───── Data provided ─────
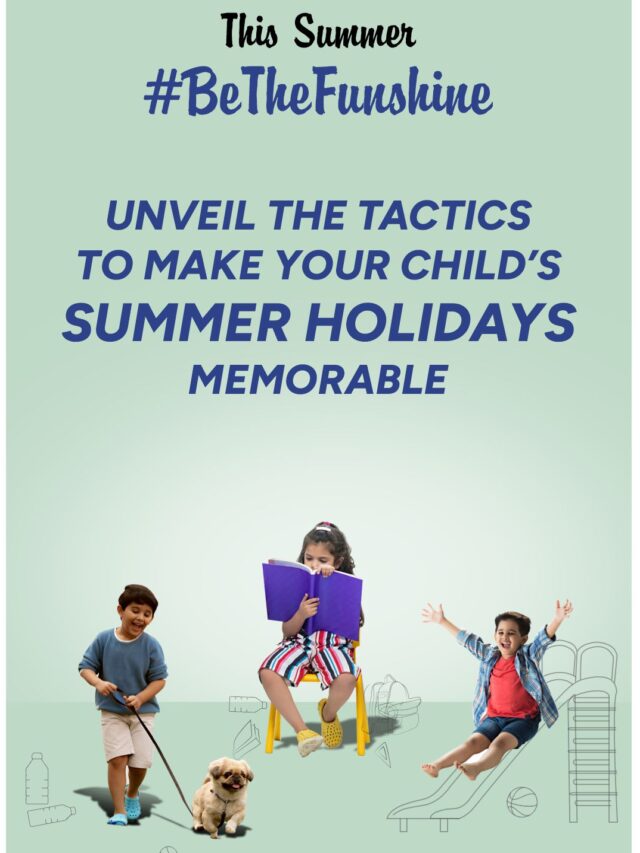 Unveil the Tactics to Make Your Child’s Summer Holidays Memorable – Part 3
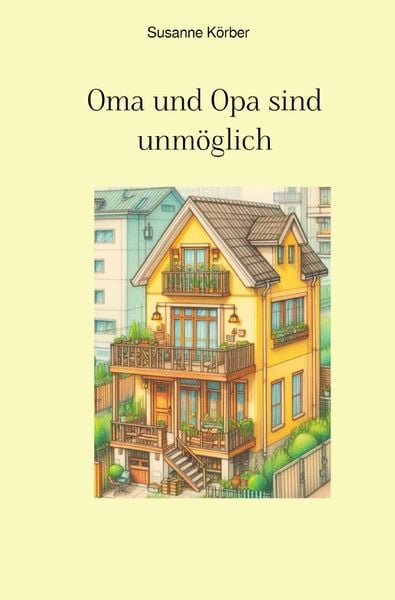 Buch Für Oma Und Opa 'Oma und Opa sind unmöglich' von 'Susanne Körber' - Buch - '978-3-7598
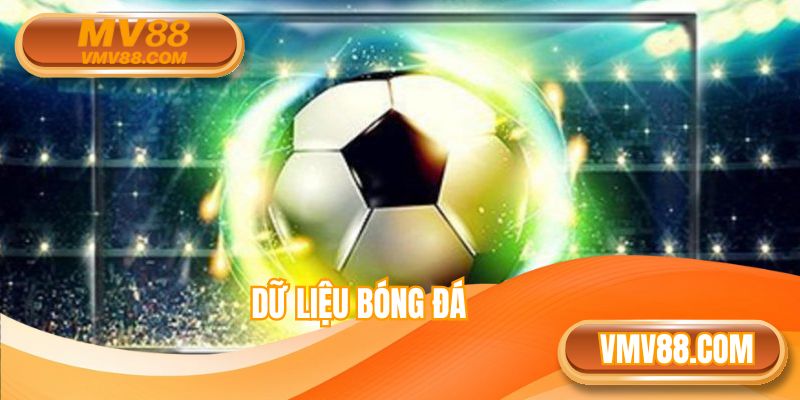 Dữ Liệu Bóng Đá - Thông Tin Hữu Ích Phục Vụ Soi Kèo Tại MV88
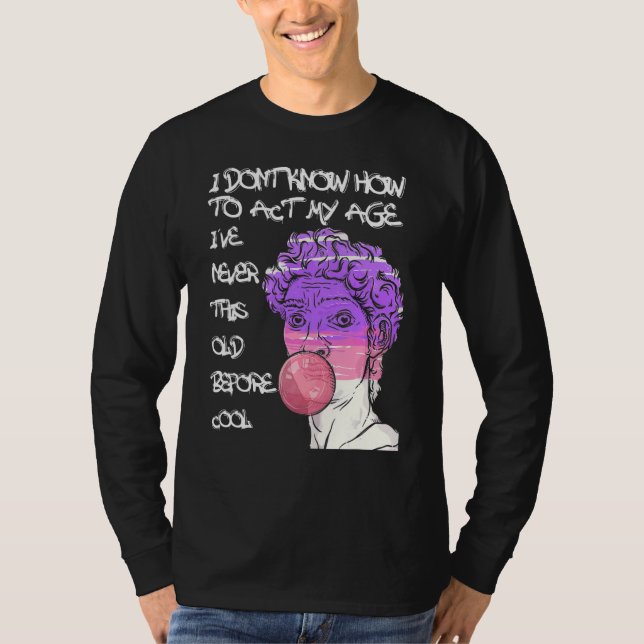 Quote I Don't Know How To Act My Age T-Shirt (Front)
─────
The pictures in the data should be omitted, and every remaining line set down exactly.

**Expected output**
 Unveil the Tactics to Make Your Child’s Summer Holidays Memorable – Part 3
 Buch Für Oma Und Opa 'Oma und Opa sind unmöglich' von 'Susanne Körber' - Buch - '978-3-7598
 Dữ Liệu Bóng Đá - Thông Tin Hữu Ích Phục Vụ Soi Kèo Tại MV88
 Quote I Don't Know How To Act My Age T-Shirt (Front)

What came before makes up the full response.